* _The task_:
Your task is to transcribe the data in full.

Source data

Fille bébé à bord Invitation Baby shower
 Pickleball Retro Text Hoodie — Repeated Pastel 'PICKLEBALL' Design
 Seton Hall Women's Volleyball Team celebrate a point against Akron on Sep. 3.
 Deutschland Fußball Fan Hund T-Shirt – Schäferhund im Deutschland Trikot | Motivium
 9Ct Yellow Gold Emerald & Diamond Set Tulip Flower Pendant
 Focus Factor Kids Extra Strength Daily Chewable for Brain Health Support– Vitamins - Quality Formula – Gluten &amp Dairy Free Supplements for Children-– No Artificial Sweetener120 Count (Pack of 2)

* _Result of this exercise_:
Fille bébé à bord Invitation Baby shower
 Pickleball Retro Text Hoodie — Repeated Pastel 'PICKLEBALL' Design
 Seton Hall Women's Volleyball Team celebrate a point against Akron on Sep. 3.
 Deutschland Fußball Fan Hund T-Shirt – Schäferhund im Deutschland Trikot | Motivium
 9Ct Yellow Gold Emerald & Diamond Set Tulip Flower Pendant
 Focus Factor Kids Extra Strength Daily Chewable for Brain Health Support– Vitamins - Quality Formula – Gluten &amp Dairy Free Supplements for Children-– No Artificial Sweetener120 Count (Pack of 2)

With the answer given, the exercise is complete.